The Inola plant will create about 1,000 permanent direct jobs at the facility and 4,000 jobs during construction, the companies say.

They add that the partnership combines EGA’s EX aluminum smelting design and technology, construction and operation with Century’s extensive history and expertise operating aluminum smelters in the U.S. using domestic supply chains.

Once completed, the Inola plant will be the largest ever primary aluminum production plant in the U.S. and the first built in nearly 50 years, the companies say. About 85 percent of the aluminum needs of U.S. industries are met by imports. The new smelter will expand the domestic supply of this critical mineral and grow the American aluminum workforce.
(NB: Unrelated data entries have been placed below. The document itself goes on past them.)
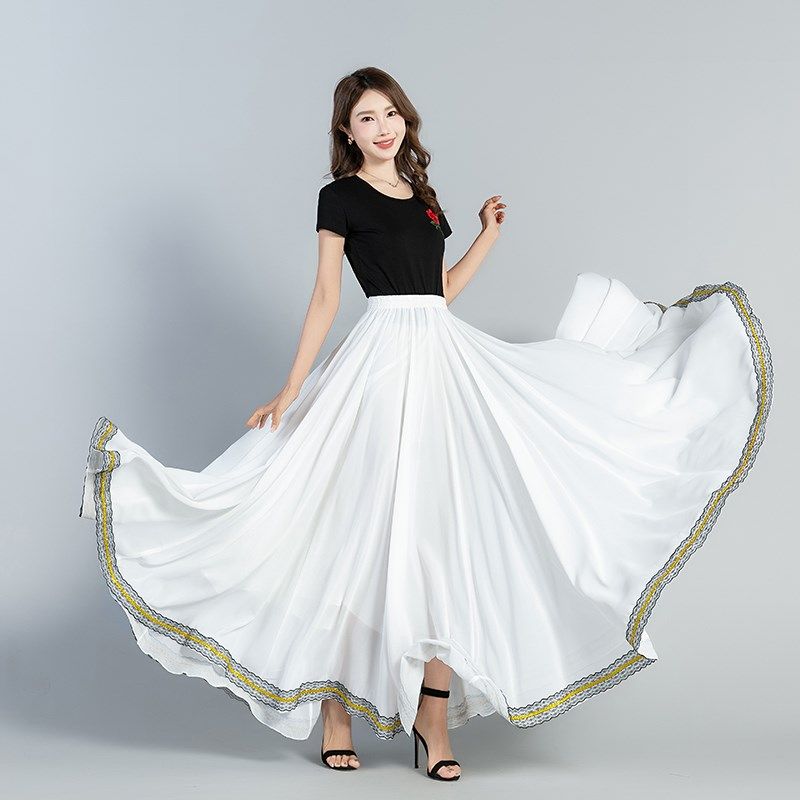 蕗依纯红色半身长裙女a字春夏雪纺显瘦新疆广场舞裙大摆720垂坠感,淘宝优惠券,粉丝福利购,淘宝优惠卷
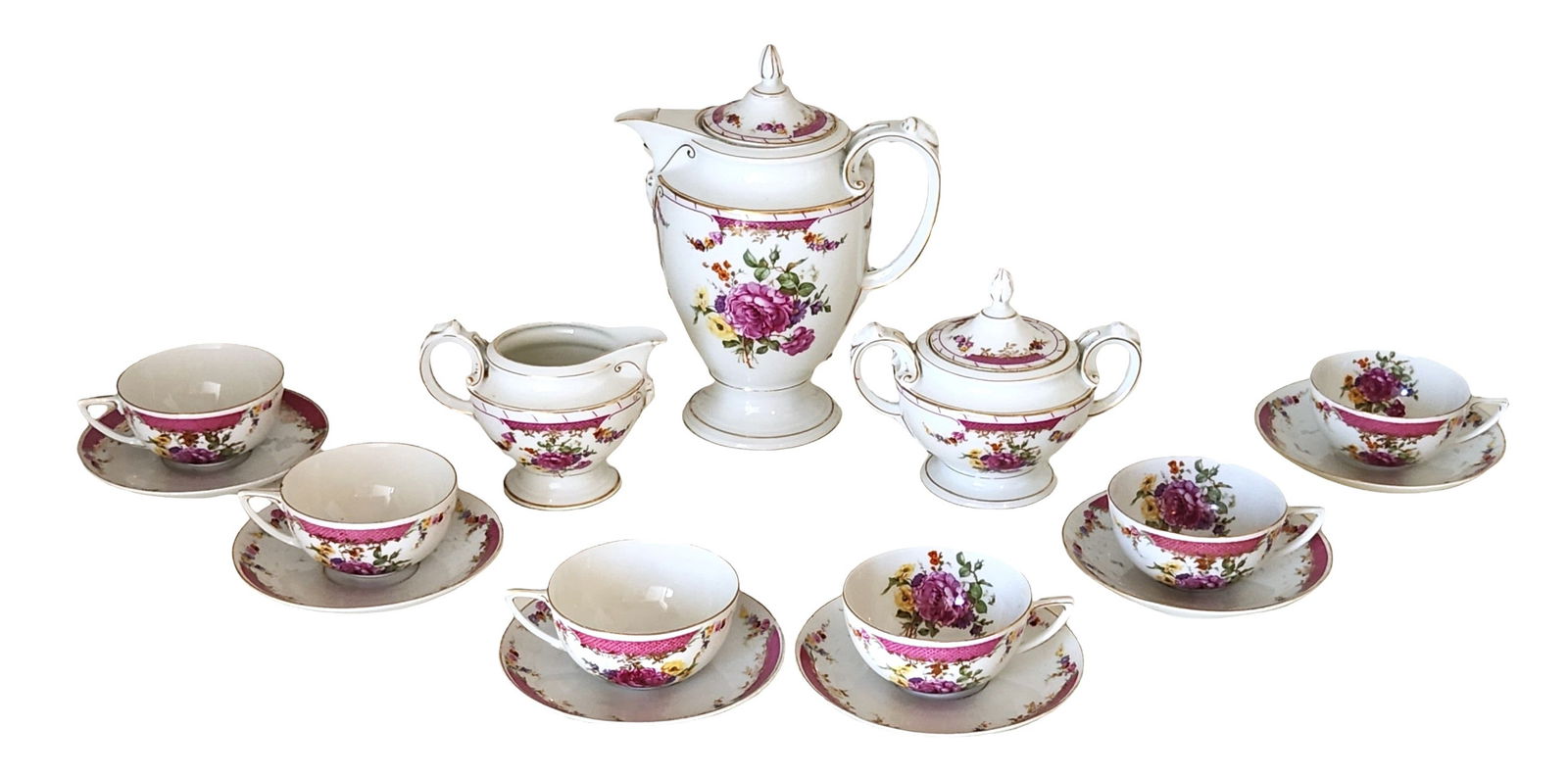 Rosenthal Selb-Bavaria “Kings Rose" Tea Set – 15-Piece Vintage German Porcelain Service (1 of 9)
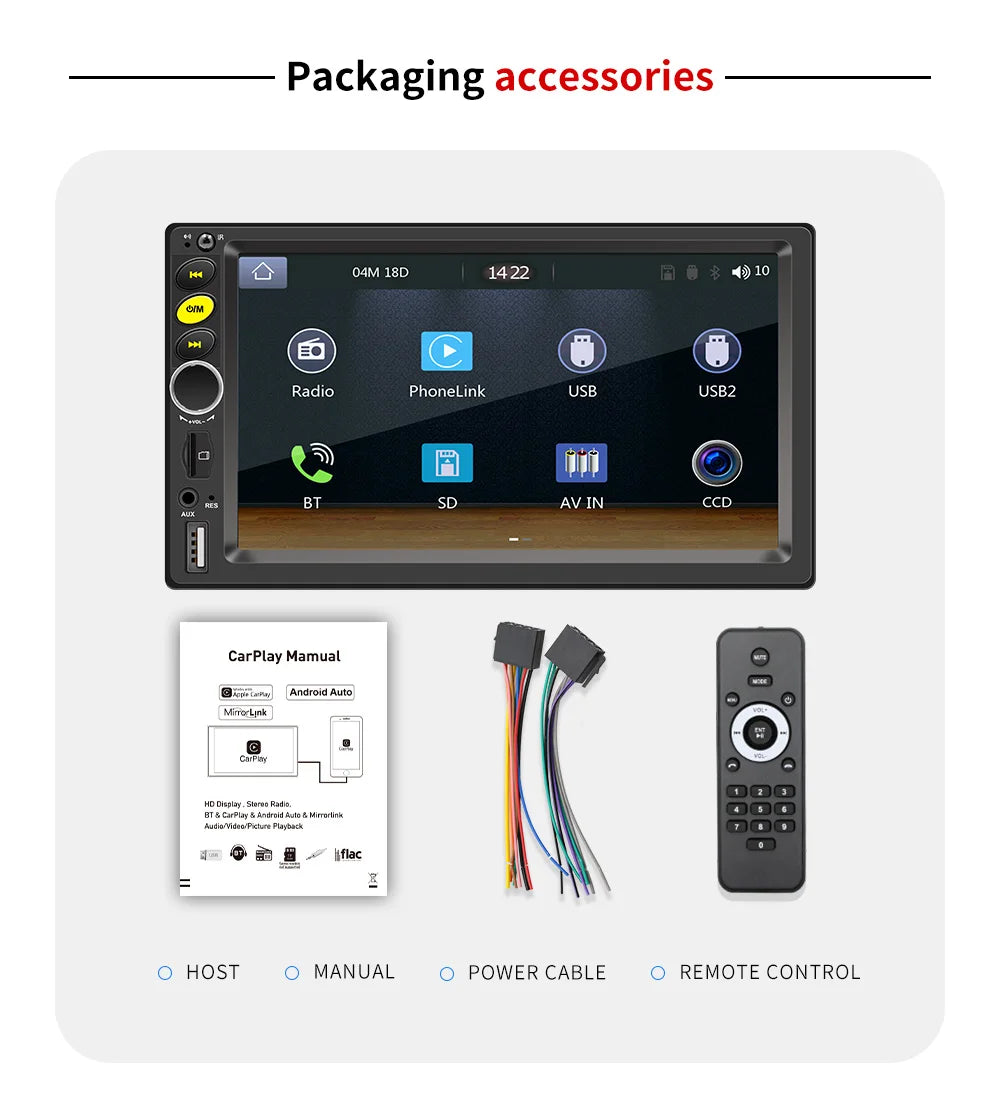 Universal 7"/9"/10“ 2DIN Android 13 4+64G Car Stereo Carplay Android Auto GPS Navigation Bluetooth FM RDS Radio WIFI Touchscreen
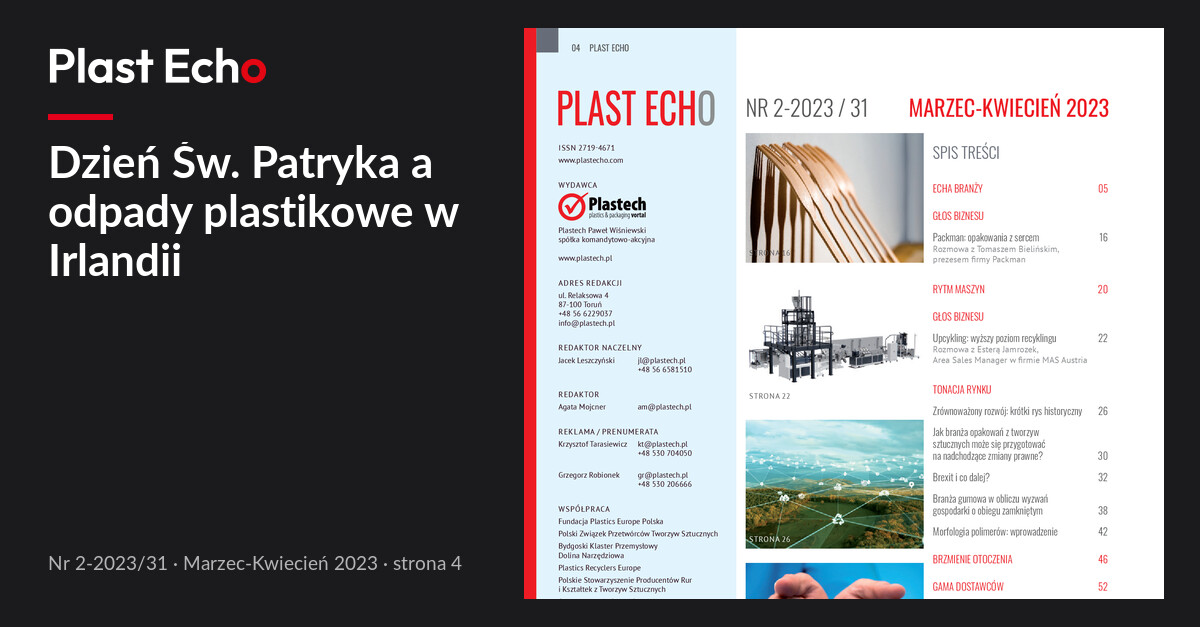Dzień Św. Patryka a odpady plastikowe w Irlandii | Plast Echo 2-2023/31, Marzec-Kwiecień 2023, s. 4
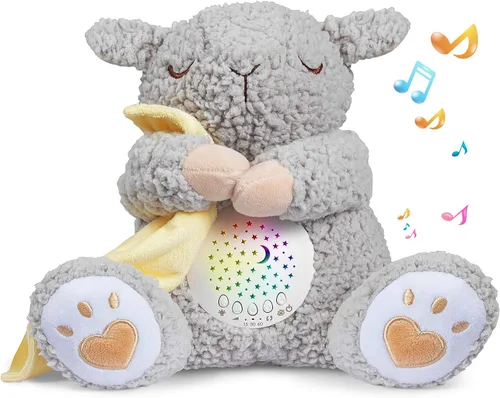 Vista 9 de BEREST - Máquina de ruido blanco para bebé en forma de animal de peluche, con latido del corazón de mamá, ovejas y canciones de cuna, proyector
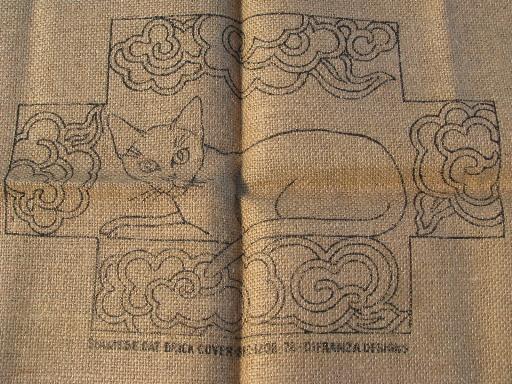 Siamese cat brick cover to hook w/ rug yarn, doorstop or paperweight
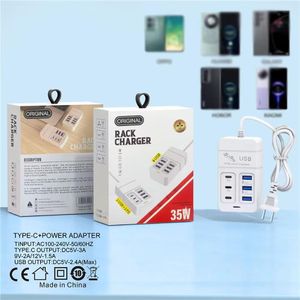 6-port USB charger 3USB + 3PD 35W PD Type-C mobile phone fast charger rapid charger hub adapter UK plug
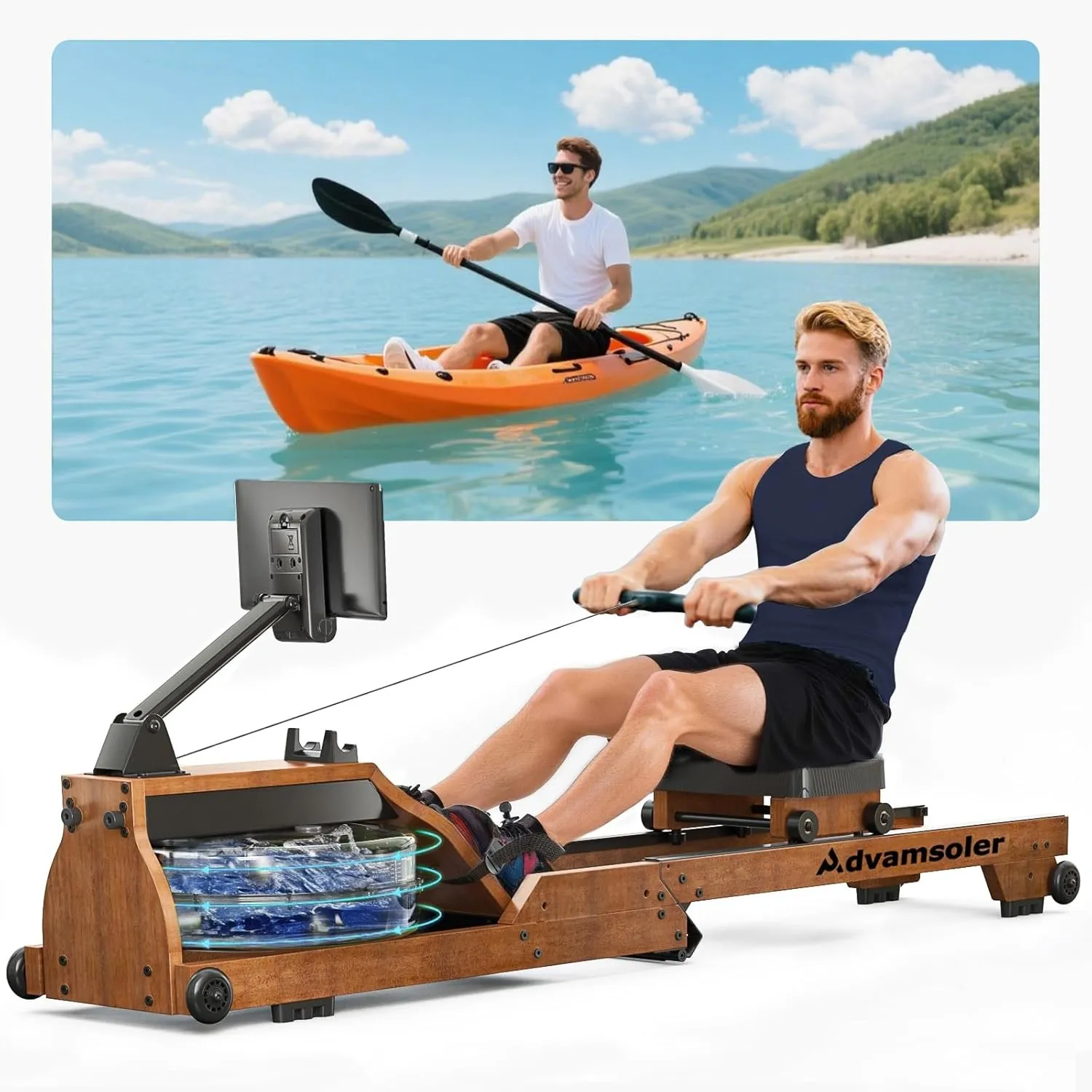 [2026 Neu] Advamsoler Wasser Rudergerät klappbar aus Massivholz – Bluetooth-App, LCD & Tablet-Halter, leises Ganzkörper…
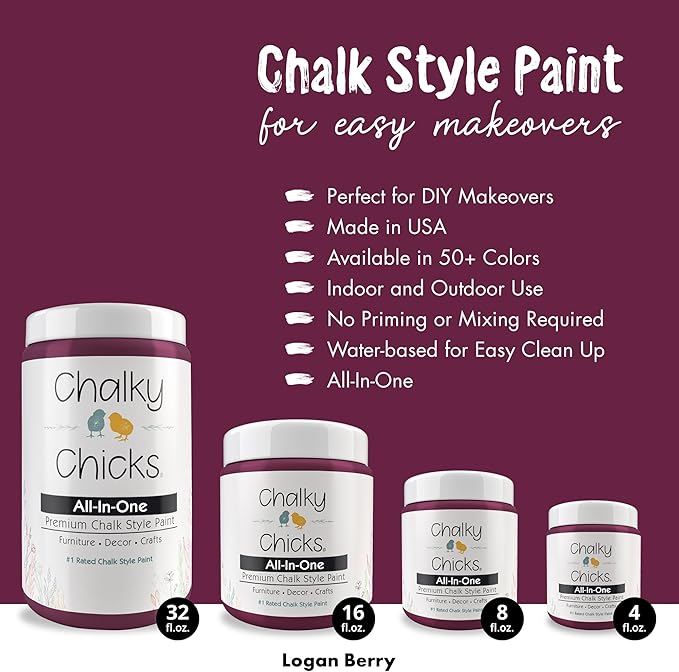 Chalky Chicks 8 Fl Oz Matte Logan Berry (Plum) Chalk Paint for Furniture Without Sanding - No Prep Furniture Paint No Sanding All in One for Crafts, Wood, Walls, Cabinet, Metal, Dresser, Farmhouse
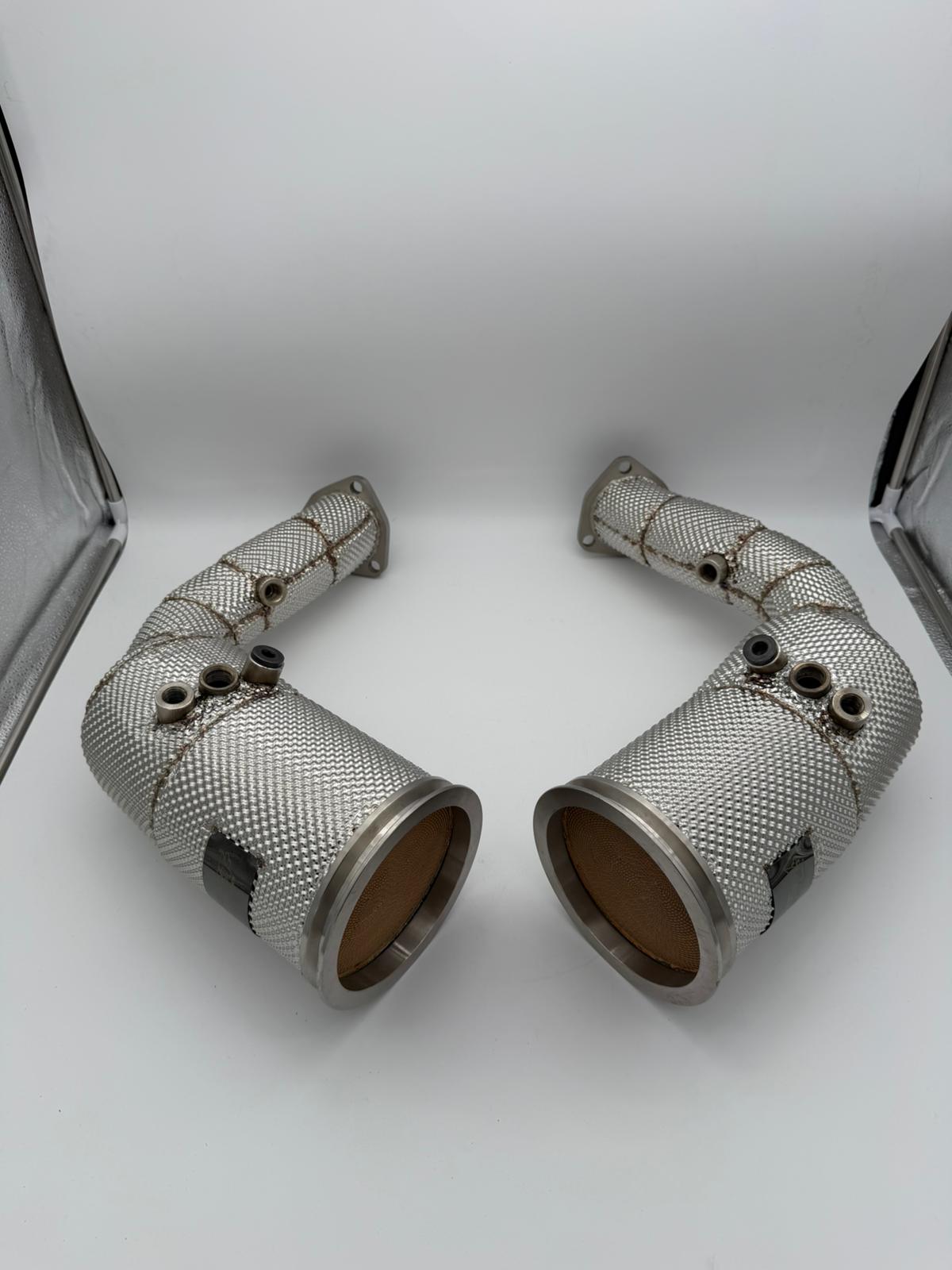 Downpipe Audi RSQ8 Acciaio Inox 304 Catalizzatore 250 Celle Con Paratie Termiche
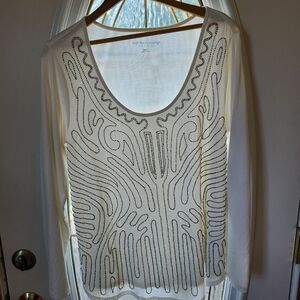 Soft Surroundings White Long Sleeve Beaded Top Medium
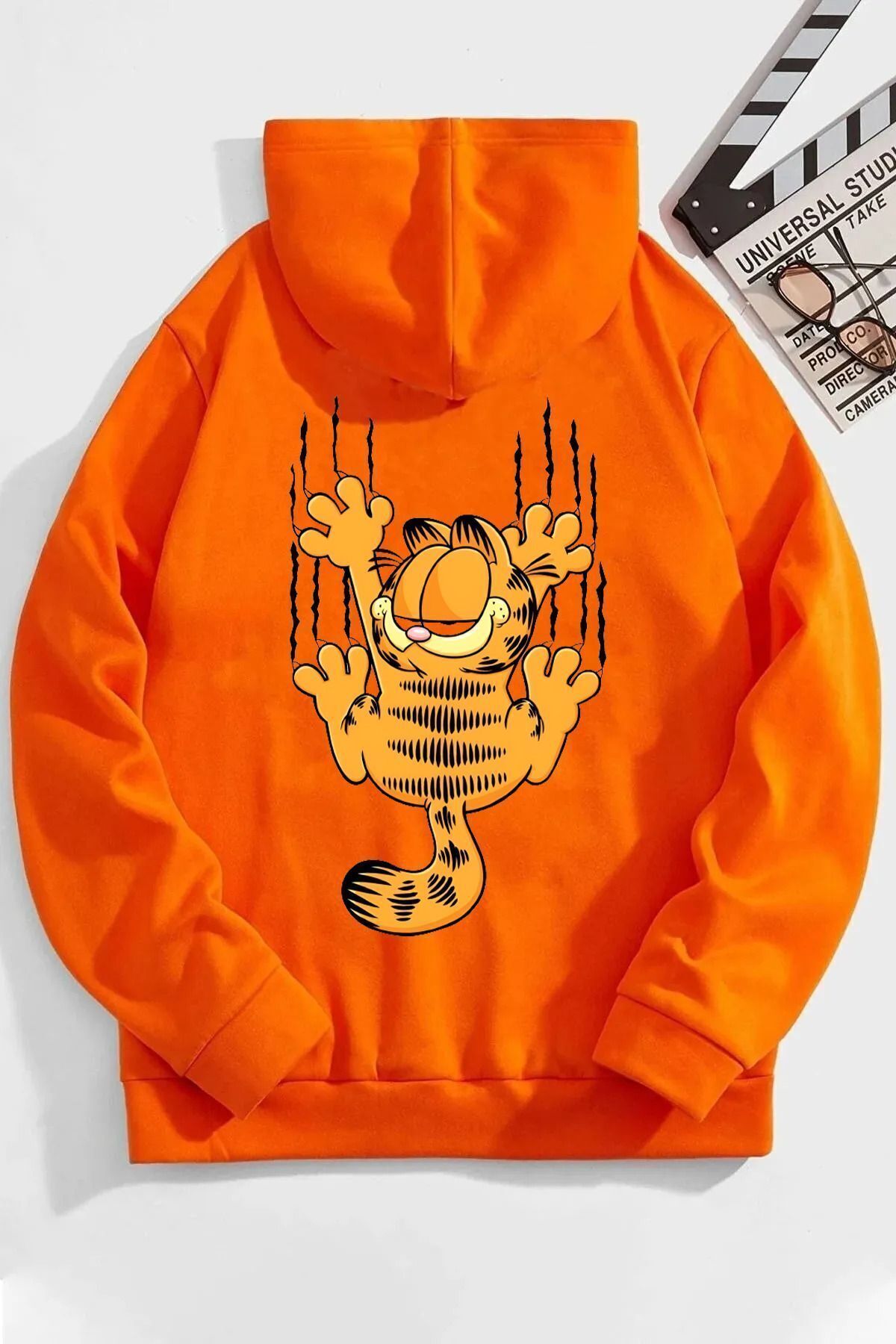 FoxSkin Sportswear&Company UNISEX GARFİELD Baskılı Kapüşonlu Oversıze Sweatshirt Hoodie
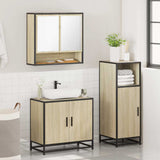 3 Piece Bathroom Furniture Set Sonoma Oak Engineered Wood - Top-Down View
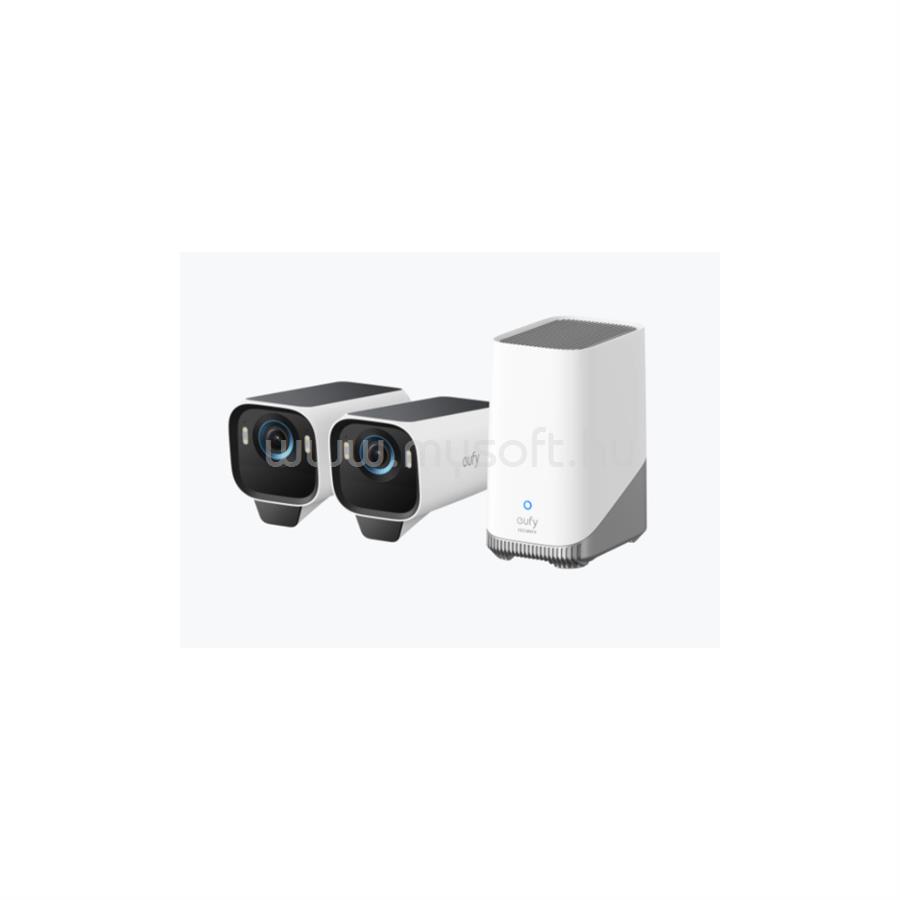 ANKER T88923W1 EUFYCAM S3 Pro Biztonsági Kamera Rendszer (2+1) 4K UHD, Beépített Napelem, BionicMind, kültéri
Construction is expected to start by the end of 2026, and production is expected to begin by the end of the decade. Detailed engineering work is underway, and negotiations with Public Service Co. of Oklahoma and the state of Oklahoma on a competitive long-term power supply are progressing, according to the companies.

The plant will be built at the industrial park at Tulsa Port of Inola, located on the McClellan-Kerr Arkansas River Navigation System, which is connected to the Mississippi River system for efficient bulk freight movement.

The Inola plant is expected to drive the development of a regional aluminum-focused industrial hub in Oklahoma, creating jobs and economic opportunities in the upstream supply chain and in downstream aluminum manufacturing, the companies say.